▸ Work task: Leave out every picture, and output exactly the lines from the line containing "Woven Laundry Basket" through the last line of the data.

▸ Task input:
*** Block opens ***

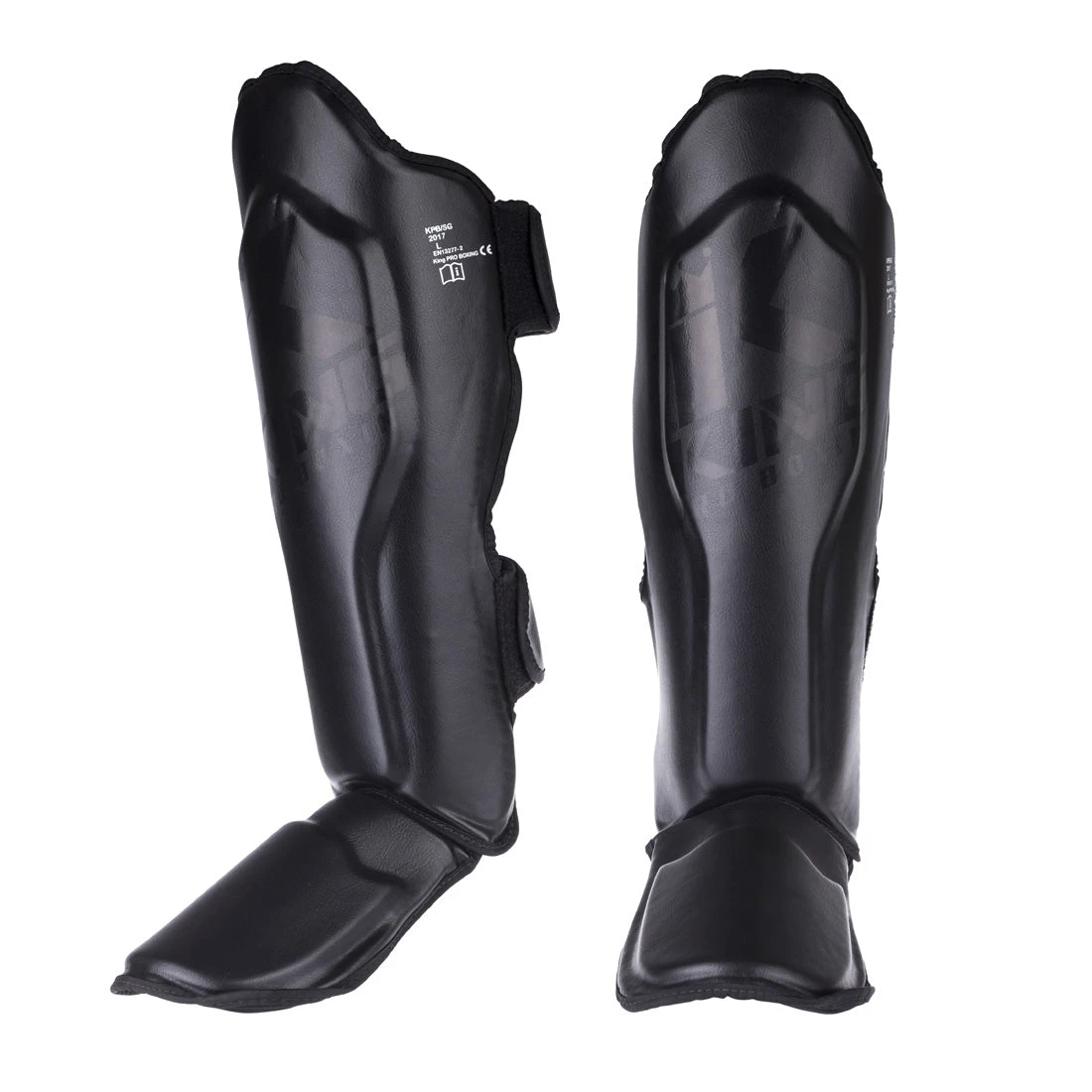 King Pro Boxing Shin Guards - Black/black, KPB-SGBB1 3 King Pro Boxing Shin Guards - Black/black, KPB-SGBB1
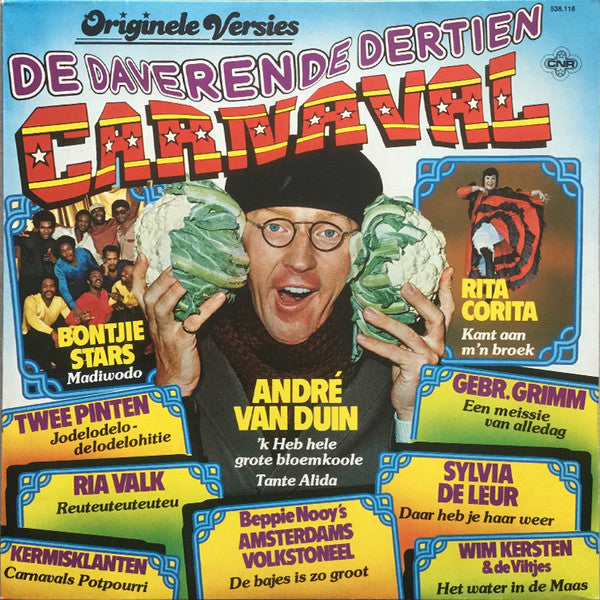 Various - De Daverende Dertien Carnaval (LP) 49223 Vinyl LP JUKEBOXSINGLES.NL   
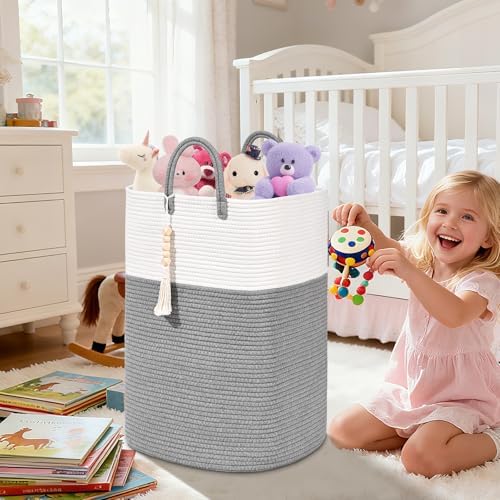 Woven Laundry Basket for Clothes, 100L Large Rectangle Laundry Hampers - Image 6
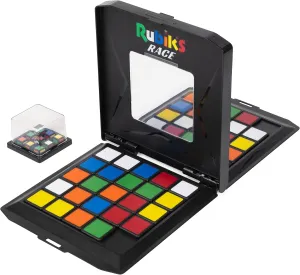 Rubik's Race - The Game for 2 Fans from 7 Years, Fast-paced Strategic Sliding and Logic Game - Based on The Classic Original Cube Colour Scheme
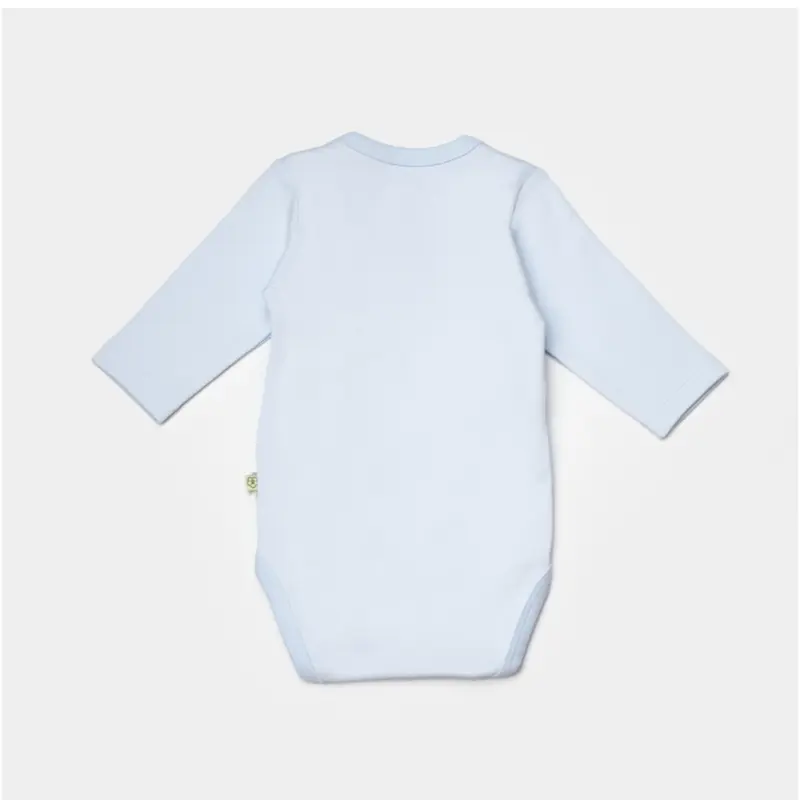 Body bébé fleuri Biorganic Love 56011 Écru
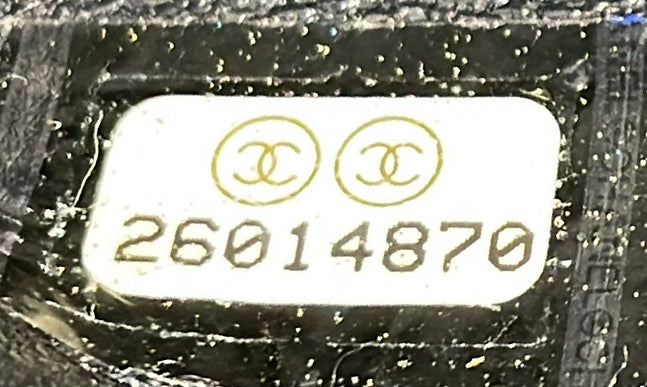 Classic Flap Clutch Quilted Caviar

*** Block closes ***

▸ Your solution:
 Woven Laundry Basket for Clothes, 100L Large Rectangle Laundry Hampers - Image 6
 Rubik's Race - The Game for 2 Fans from 7 Years, Fast-paced Strategic Sliding and Logic Game - Based on The Classic Original Cube Colour Scheme
 Body bébé fleuri Biorganic Love 56011 Écru
 Classic Flap Clutch Quilted Caviar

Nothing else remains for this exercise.